This was me, getting my toes spruced up, while laying there in stark horror!
Now, you know I always have fun when getting a pedicure. It’s either entertaining because they scald/maul/slice me to death or because someone around me is outta control funny. This time, it was the funny.
Here are some snippets of conversations overheard while getting my little toesies buffed:
I don’t know why, but I love the smell of rotten feet. If I did pedicures for a living like you, I wouldn’t let anyone wash their feet first. (HOLY SHIT CAKES!! That one about made me puke in my mouth!)
Genital warts ain’t so bad. Just try not to let the lights be too bright so that no one can see ’em. (Oh. My. God.)
I peed myself. No seriously, I actually peed myself. It got all over the car seat. I’m guessing there won’t be a date number 2. (I about peed myself!)
My mom asked me last week how to give a blow job. I wanted to kill myself. (Ummmm…uhhh…yeah.)
Girl 1: “Does my ass look fat in these pants? I should never wear white.” Girl 2: “Your ass looks HUGE in those pants. When we leave here we should burn them in the parking lot. You’d look better walking around in your underwear.” (With friends like that…!!! To Girl 1’s credit, she did laugh her voluptuous ass off when her friend said that.)
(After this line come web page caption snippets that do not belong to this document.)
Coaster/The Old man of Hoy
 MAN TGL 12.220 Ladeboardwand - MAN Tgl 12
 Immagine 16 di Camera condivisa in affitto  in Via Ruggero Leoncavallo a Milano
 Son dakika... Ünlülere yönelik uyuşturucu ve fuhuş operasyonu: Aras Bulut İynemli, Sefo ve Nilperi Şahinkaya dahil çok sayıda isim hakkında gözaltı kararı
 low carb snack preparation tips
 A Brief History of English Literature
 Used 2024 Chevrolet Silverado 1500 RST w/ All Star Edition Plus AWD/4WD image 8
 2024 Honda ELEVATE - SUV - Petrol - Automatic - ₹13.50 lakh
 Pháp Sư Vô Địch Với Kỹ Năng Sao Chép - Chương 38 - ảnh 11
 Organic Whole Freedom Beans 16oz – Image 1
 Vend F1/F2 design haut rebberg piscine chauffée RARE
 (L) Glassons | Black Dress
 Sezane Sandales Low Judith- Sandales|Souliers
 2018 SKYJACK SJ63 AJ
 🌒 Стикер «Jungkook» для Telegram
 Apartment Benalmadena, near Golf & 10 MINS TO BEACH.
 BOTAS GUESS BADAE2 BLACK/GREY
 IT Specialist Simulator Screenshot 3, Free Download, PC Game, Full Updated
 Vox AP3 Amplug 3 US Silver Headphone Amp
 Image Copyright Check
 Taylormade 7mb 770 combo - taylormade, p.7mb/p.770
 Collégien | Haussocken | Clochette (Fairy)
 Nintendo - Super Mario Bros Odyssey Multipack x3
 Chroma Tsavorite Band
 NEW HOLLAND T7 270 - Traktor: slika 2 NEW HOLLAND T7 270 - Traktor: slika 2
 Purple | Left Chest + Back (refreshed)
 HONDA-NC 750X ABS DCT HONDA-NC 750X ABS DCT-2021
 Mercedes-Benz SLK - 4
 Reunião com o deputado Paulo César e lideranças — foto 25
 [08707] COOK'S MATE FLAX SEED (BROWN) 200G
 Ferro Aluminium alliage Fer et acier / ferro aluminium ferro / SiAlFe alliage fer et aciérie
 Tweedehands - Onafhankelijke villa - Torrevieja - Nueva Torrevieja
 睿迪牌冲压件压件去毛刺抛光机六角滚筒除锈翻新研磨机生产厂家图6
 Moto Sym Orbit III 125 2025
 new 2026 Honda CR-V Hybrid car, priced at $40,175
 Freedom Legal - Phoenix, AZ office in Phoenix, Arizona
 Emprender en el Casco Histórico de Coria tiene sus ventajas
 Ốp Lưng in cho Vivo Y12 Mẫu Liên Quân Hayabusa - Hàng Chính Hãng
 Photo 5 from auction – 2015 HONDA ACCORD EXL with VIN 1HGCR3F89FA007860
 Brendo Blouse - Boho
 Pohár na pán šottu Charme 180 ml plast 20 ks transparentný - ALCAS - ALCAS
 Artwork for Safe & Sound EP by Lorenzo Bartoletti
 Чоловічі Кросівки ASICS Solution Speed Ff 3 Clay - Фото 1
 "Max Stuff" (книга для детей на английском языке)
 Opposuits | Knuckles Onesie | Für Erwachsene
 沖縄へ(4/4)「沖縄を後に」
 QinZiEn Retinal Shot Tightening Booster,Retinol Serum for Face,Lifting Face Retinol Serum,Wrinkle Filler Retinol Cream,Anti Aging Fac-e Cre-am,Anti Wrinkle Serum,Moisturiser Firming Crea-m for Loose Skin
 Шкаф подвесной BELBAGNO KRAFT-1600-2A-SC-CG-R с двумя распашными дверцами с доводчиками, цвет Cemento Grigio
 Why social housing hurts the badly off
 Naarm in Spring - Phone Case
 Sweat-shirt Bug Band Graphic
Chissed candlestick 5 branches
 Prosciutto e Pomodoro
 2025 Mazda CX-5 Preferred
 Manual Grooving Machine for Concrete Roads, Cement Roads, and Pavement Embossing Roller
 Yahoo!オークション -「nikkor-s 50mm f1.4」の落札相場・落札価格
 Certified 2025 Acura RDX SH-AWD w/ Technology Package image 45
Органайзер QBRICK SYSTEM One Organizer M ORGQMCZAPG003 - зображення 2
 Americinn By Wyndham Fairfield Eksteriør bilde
This one from a guy on the phone: “Yeah man, I keep telling her that she’ll get used to it. I love the smell. Why can’t she just get over it and quit barking at me? My farts smell great.” (I swear I wanted to get up and pound him with a hammer. NO ONE’S colon smells good, you dolt!)
I need a line of blow. (Seriously??? Where people can hear you? Decorum, my friend. Decorum.)
Girl on phone: “Last night I ate a whole large pizza plus an order of garlic bread.” …. “Yeah, about 15 minutes later.” … “It went everywhere! All over the sheets. All over him. It was so gross.” (Good God almighty. I gather that she puked all over the place while doing the dirty? That poor guy!!)
Why do I get so many eye boogers? It’s like my eyes have a cold. I have eyeball snot factories. Gross. (Yep, gross. Though I have to admit I used to love looking at eye boogers under a microscope. Fascinating.) 🙂
And the creme de la creme: I only have 9 fingers. Do I get a discount on a full set of acrylics. (Nope. So not kidding!)
I always find it shockingly funny when in the course of 2 hours I get to hear so many different kinds of bat shit crazy stuff!!! I spent the entire time laughing my ass off. Yep, just another trip into Crazy Town on a Saturday afternoon!